El relato empieza cuando la soñadora se monta en la nube y no en la arepa voladora. Empieza cuando el taxi llega a su destino y nadie contesta pero la ebria y acogedora recepción media hora después convence. Y los demás días convencieron aún más porque en la franja de tierra que reposa entre placas tectónicas existe algo que allá no: una familia. En la franja andina de Joe Vasconcellos e Inti Illimani existe un depa en el que tres personas llevan más de dos semanas juntos y que no tienen marcas de agresión en el pescuezo o signos similares comunes en la mayoría de los individuos independientes que he tenido la dicha de conocer. No dormí en el suelo y compartí cama y compartí alegría y compartí guaro. Se carretió a más no poder y gracias a Pablo descubrí la teleserie que me mantendría entretenida en tres de las horas de tortura aeropuertaria. Villa hace unas empanadas no empanadas deliciosas de insertepalabrachilenaquenosepronunciar con insertepalabrachilenaquenorecuerdoqueessinonimodechimichurri y Octavio nos presta la pieza y la alegría para los tourcitos no profesionales ni remunerados en lucas. Estrellita dorada para los chiquillos por hacer maravillosa la experiencia de viajar.

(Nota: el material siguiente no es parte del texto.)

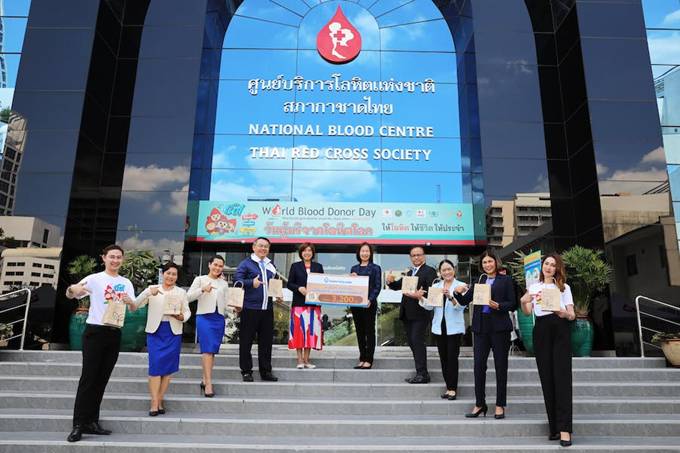 ธนาคารกรุงเทพ มอบถุงกระดาษรักษ์โลก 3,200 ใบ พร้อมเงินสมทบทุน 100,000 บาทบำรุงสภากาชาดไทย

Desde la Moneda los turistas nunca verán lo que ellos ven y las empanadas de pino saben mejor en el local escondido en una de las esquinas. El erizo punza en puta, la vida es cara y la recompensa no tanto. Acá no hay Nerudas ni Parras si no el blues universal del universitario esforzado que devora pasta con pollo e historias a más no poder, acá los tours empiezan a las once y media y terminan a las tres bajo la luz de la autóctona luna y del televisor que no pasa nada bueno a esas horas de la madrugada. La Piojera es otro mundo con sus terremotos, sus borrachillos que se disfrazan de discapacitados (se parece pero...) y las señoras que cuidan y le piden sopapos a extraños. Acá la llevan demasiado suave al inicio del semestre y al inicio de la semana y al inicio de la hora. Acá se baila jugando Tomanji, se venden indios pícaros y se ve el mundo desde lo más alto del Santa Lucía (aunque me contaron que el San Cristóbal es más alto que la cresta, queda pendiente la confirmación). Acá hay chance de encontrar extraños interesantes, no asaltantes. Acá la gente es lo suficientemente memorable para recordar el nombre y al rato el apellido.

Epílogo
El muchacho del bus se llama Alejandro y es una teja y el Américo dijo hasta luego pero desapareció y no volvió más. La Dani y yo bailamos como a las dos de la mañana porque chao con todo y porque me pegaron la maña de ponerle artículo a los nombres. Escribo sentada en un restaurante de tercera con precios de primera con promesa de wifi y cumplimiento que no hay. Falta hora y algo para tener posibilidad de conectarme a la nube y tirarme todos los capítulos de la novelilla chilena esa. Quiero volver a la cima del Santa Lucía y puta que extrañaba los cigarrillos. Me quedó pendiente escribir de Jake Bugg y de ese nudo en el estómago que generan los choques de visiones. Quizá vuelva algún día y vaya a Bellavista y quizá cuando vuelva me pregunte si el vivir en un sitio lo ciega a uno de su belleza. Porque a Juli no le gusta Santiago y creo que a ellos tampoco pero para mi es infinitamente más lindo que mi hueco y, dejando de lado las comparaciones, tiene un maravilloso encanto.

(Nota: Este blog y la persona que lo escribe tienen un nivel de patriotismo que está por el culo).

II
Luego de haber finalizado todos los párrafos que están antes de este, me permití vivir las cinco horas más aburridas de mi joven existencia marinadas en un café horrible y con palabras de un nicaragüense bien curao. Hasta ebrios nos detestan, wow. La falta de internet es más que desesperante y, una vez más, ojalá que le caiga un piano encima al que maneja la logística de Avianca. Chile, te quiero pero odio tu aeropuerto. Y quiero ver Mamá Mechona o algo, maldita sea, ¿es mucho pedir una conexión decente y barata para los pobres pasajeros que están desesperados por mandar un solo mensaje? Avianca, te odio infinitamente.

III
Chile me despidió con un terremoto y Costa Rica me dio la bienvenida sin señal y sin internet. Nada que decir.